Have you read Julian, by Gore Vidal? I really enjoyed that one.

Posted by: parrot_knight (parrot_knight)
Posted at: March 2nd, 2008 10:33 am (UTC)

I haven't! Is this about the fourth-century 'apostate' emperor?

Posted by: Evil Asian Genius (eag)
Posted at: March 2nd, 2008 07:15 pm (UTC)

Yes, that one! I really enjoyed it. It's sort of epistolary. Set up like written correspondence between two authors that are writing commentaries on an autobiography of Julian.

Posted by: Adilo Creamon (the_marquis)
Posted at: March 2nd, 2008 10:29 am (UTC)
Badger

You seem to have used the word "squee" ...

wibble?

Posted by: parrot_knight (parrot_knight)
Posted at: March 2nd, 2008 10:33 am (UTC)

If you see the way Vicki behaves on meeting Nero, it's entirely appropriate!

Posted by: Penny Paperbrain (pennypaperbrain)
Posted at: March 2nd, 2008 10:41 am (UTC)

Yes, he's gone bananas and started using the words "squee" and "ranty" with gay, indeed slashy, abandon. You should probably do something involving grunting to bring him back to the blokely fold.

Posted by: parrot_knight (parrot_knight)
Posted at: March 2nd, 2008 10:49 am (UTC)
Horace Walpole

Sounds like potential for gay slashiness there to me...

Posted by: Evil Asian Genius (eag)
Posted at: March 2nd, 2008 07:16 pm (UTC)

I hear that fold is full of chest hair and grunts.

Posted by: daniel_saunders (daniel_saunders)
Posted at: March 2nd, 2008 07:37 pm (UTC)
Outsider

In The Romans the complexities of the Roman constitution under the principate are swept aside, and Nero (bar a line about Senate approval) is a comedy absolutist, a figure of fun

In DWM some years ago (#316), Christopher Barry revealed he considered Dick Emery for the role, which shows that he was thinking of the character in purely comic terms.

The Doctor treats Vicki as a protégée in anarchy

... and Ian and Barbara are clearly left behind on the grounds that they would spoil their fun.

This pushes me closer to the conclusion that the writer's guide was intended as a piece of bureaucracy or a tool to be cited when necessary as a way of justifying otherwise capricious or expedient decisions rather than as a strict rulebook.

Quite possibly. Alan Barnes noted that City of Death systematically breaks most of the rules laid down in the edition of the writer's guide written by... Douglas Adams.

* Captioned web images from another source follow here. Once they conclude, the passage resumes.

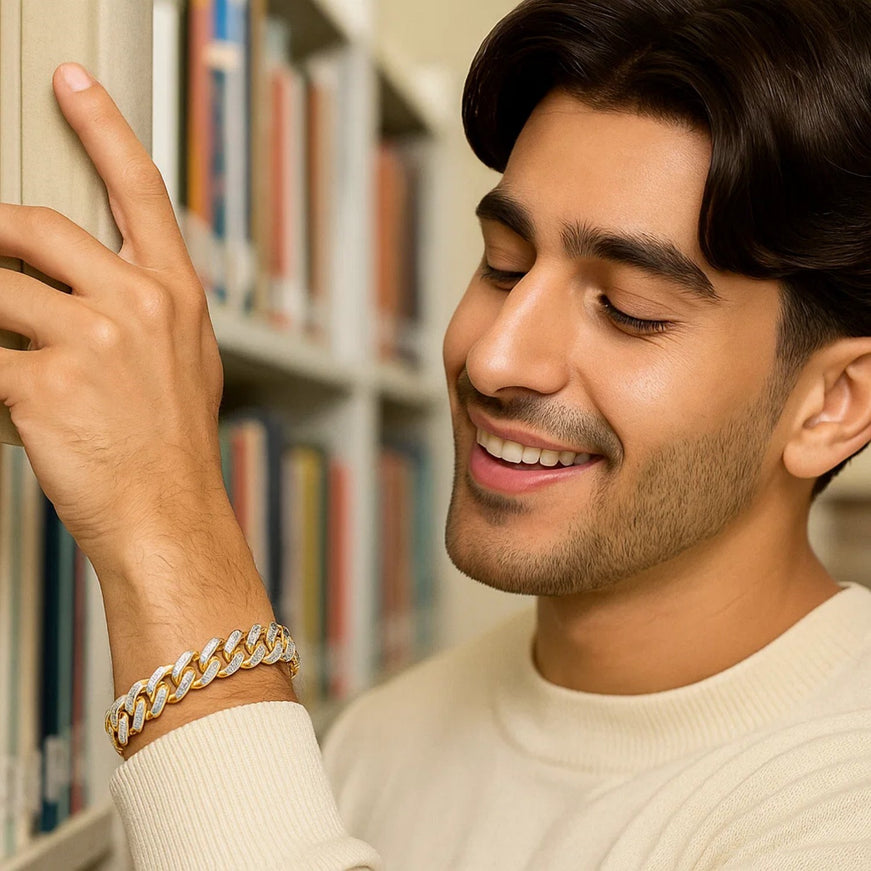 14k Two Tone Gold 8 1/2 inch Curb Chain Bracelet with White Pave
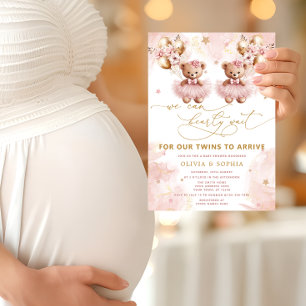 Invitation Twin Teddy Bear Nous Pouvons Attendre Baby shower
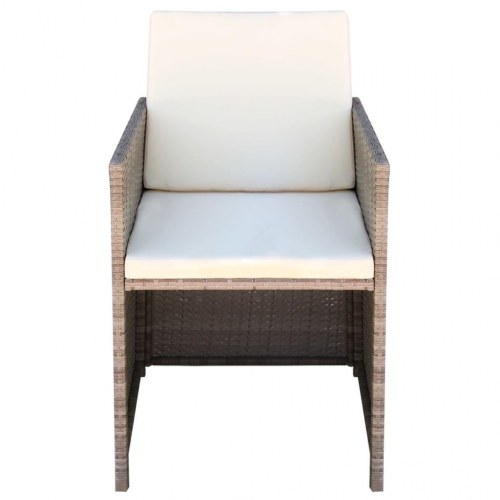 Havestole 2 stk. med hynder og puder - polyrattan, beige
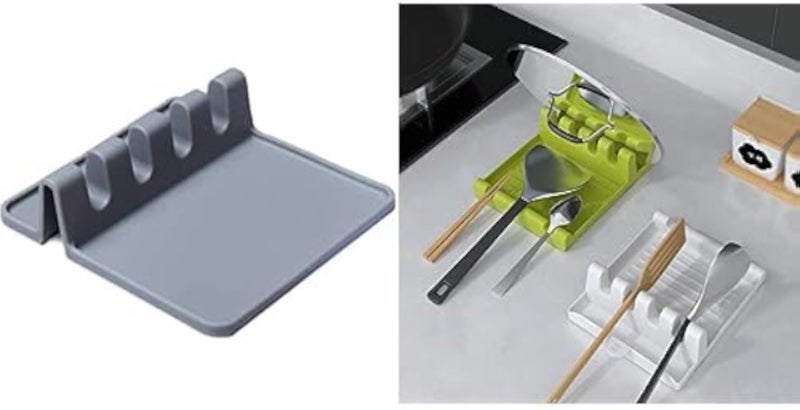 حامل منظم ملاعق ومغارف المطبخ + مسند ملاعق كريزيل، قطعتان من مسند أدوات المطبخ للموقد، تصميم معلق بـ 4+2 فتحات، مسند متعدد للملاعق والمغارف، حصيرة طهي (أبيض وأخضر)
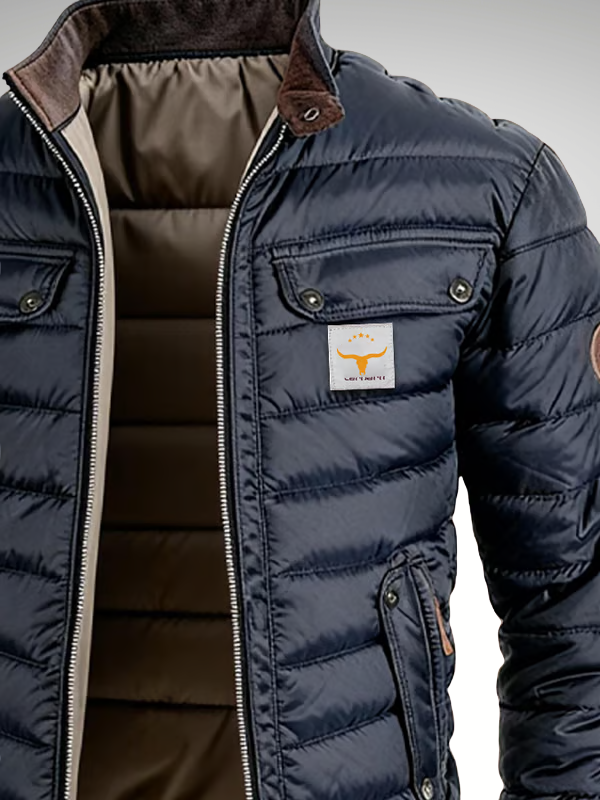 Walter | Men's Puffer Jacket, Elegant Urban Winter Jacket - Dark Blue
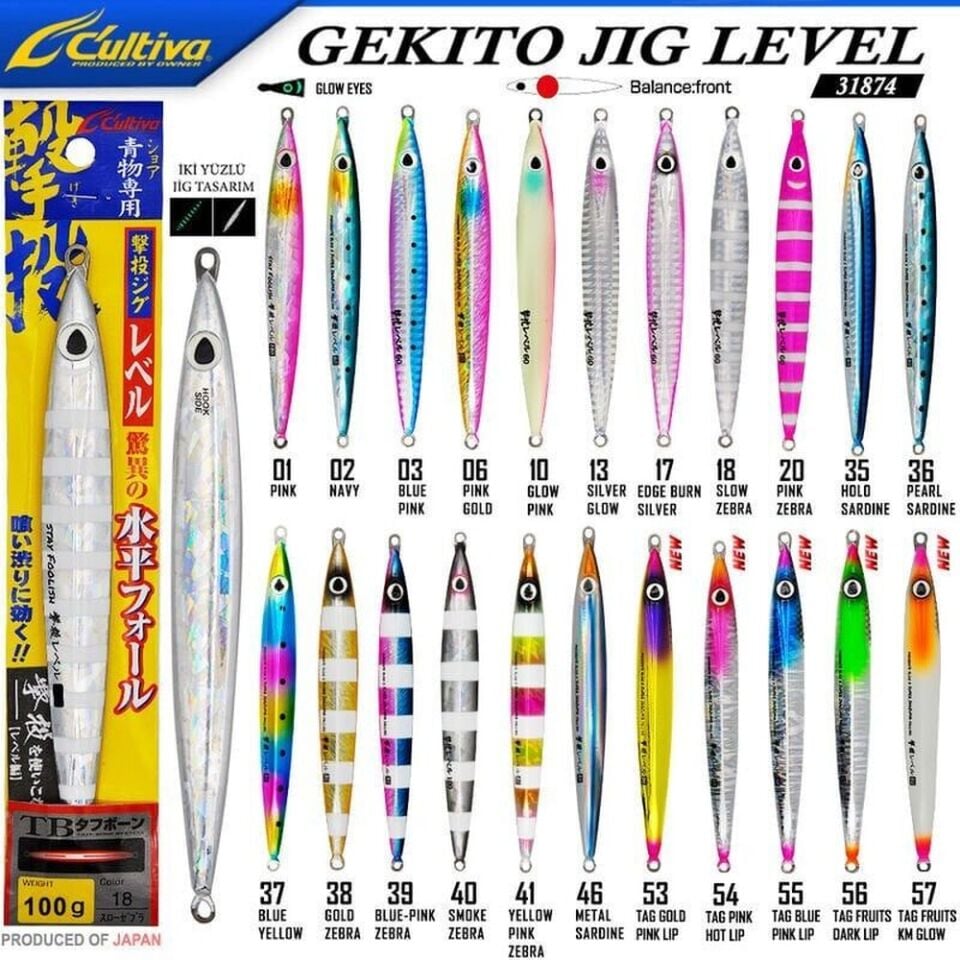 Cultiva 31874 Gekito Jig Level 100g 15.5cm Metal Yem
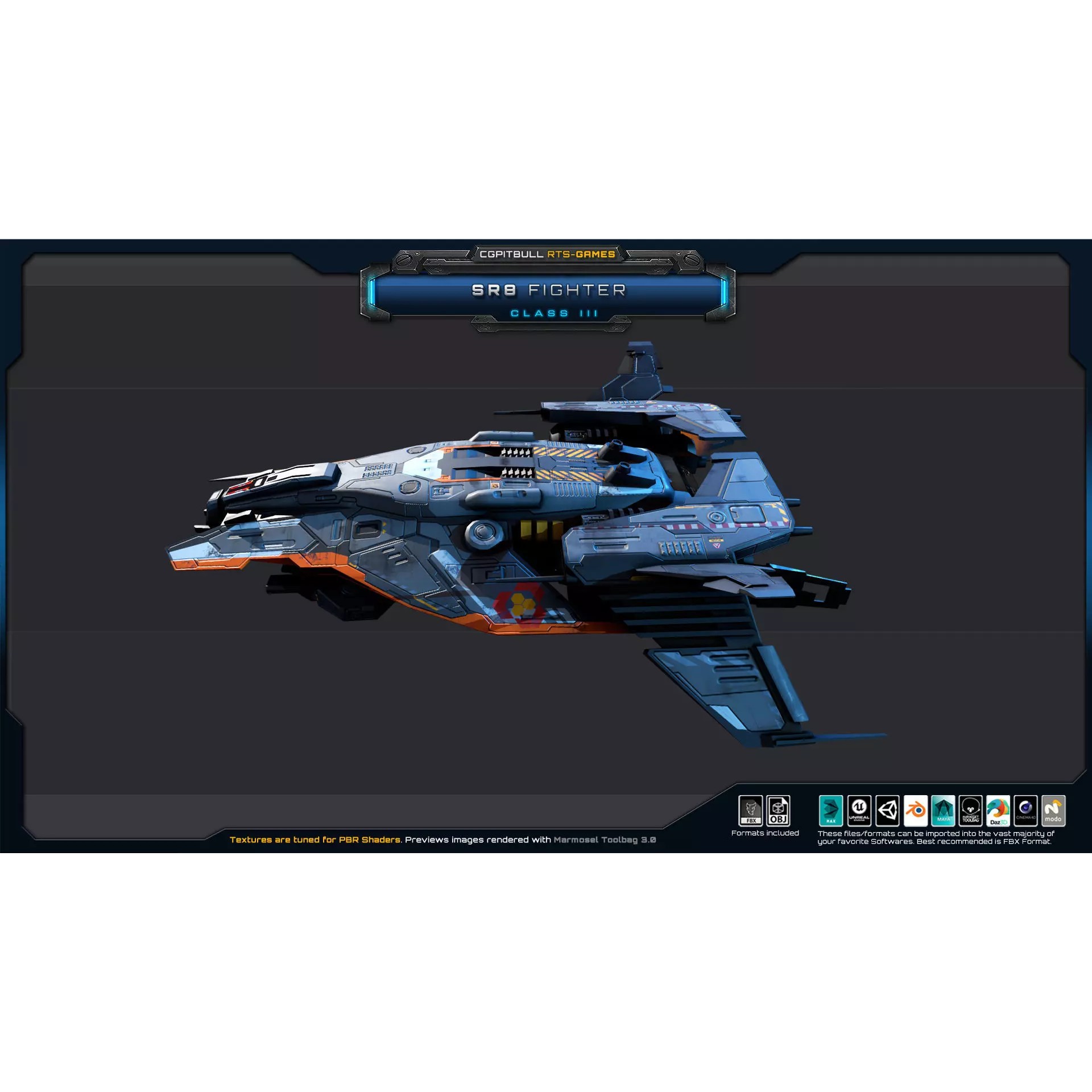 SR - Starships PACK - Low-Poly Game-Ready 3D Model - View 52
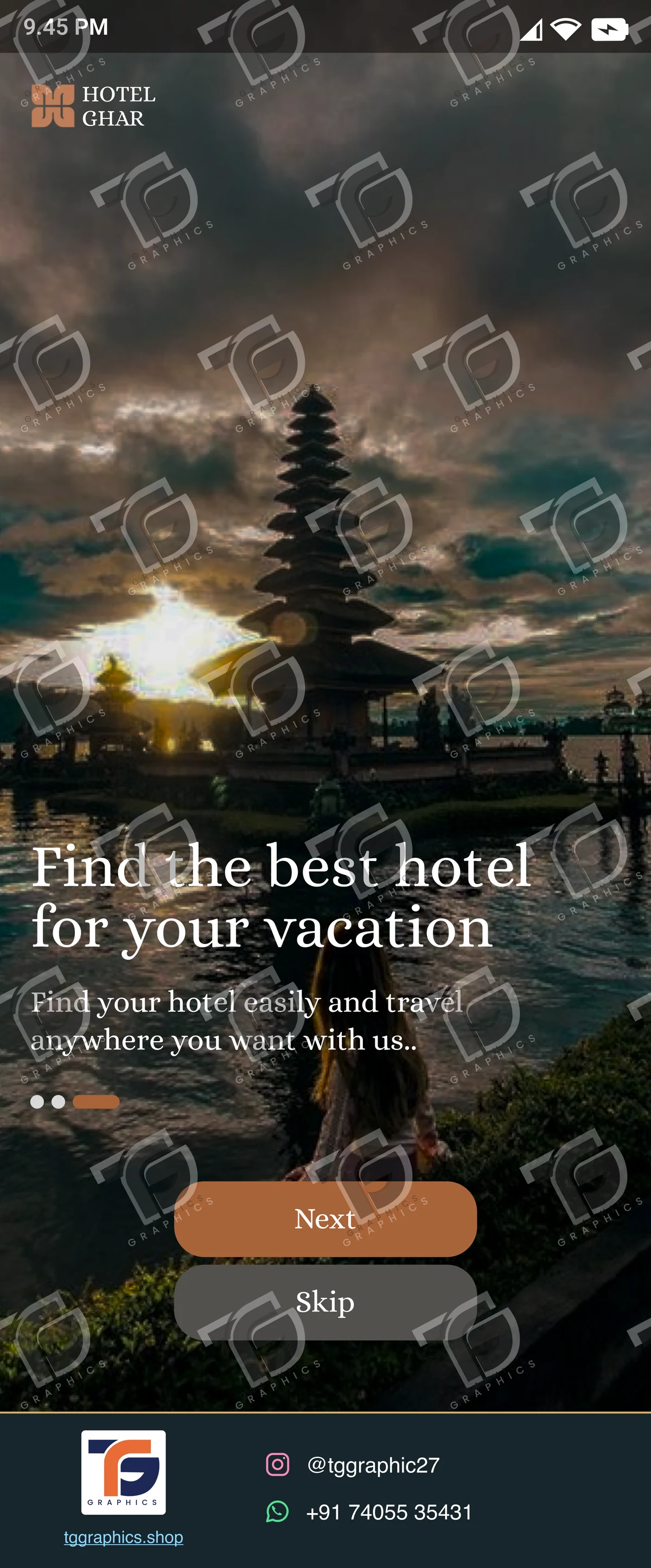 UI/UX design · Hotel booking app · Design 20 with TG Graphics watermark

We might distinguish between aesthetic guidelines (to be broken by a good writer) and those things that literally could not be done in terms of budget and time-slot, providing clear justification and so avoiding legal consequences, when scripts had to be rejected at the last minute.

Posted by: parrot_knight (parrot_knight)
Posted at: March 2nd, 2008 10:07 pm (UTC)

I'd forgotten about that interview - I'll have to look it up - and I agree with the way the Doctor and Vicki dimiss Ian and Barbara as potential spoilsports who are best left behind.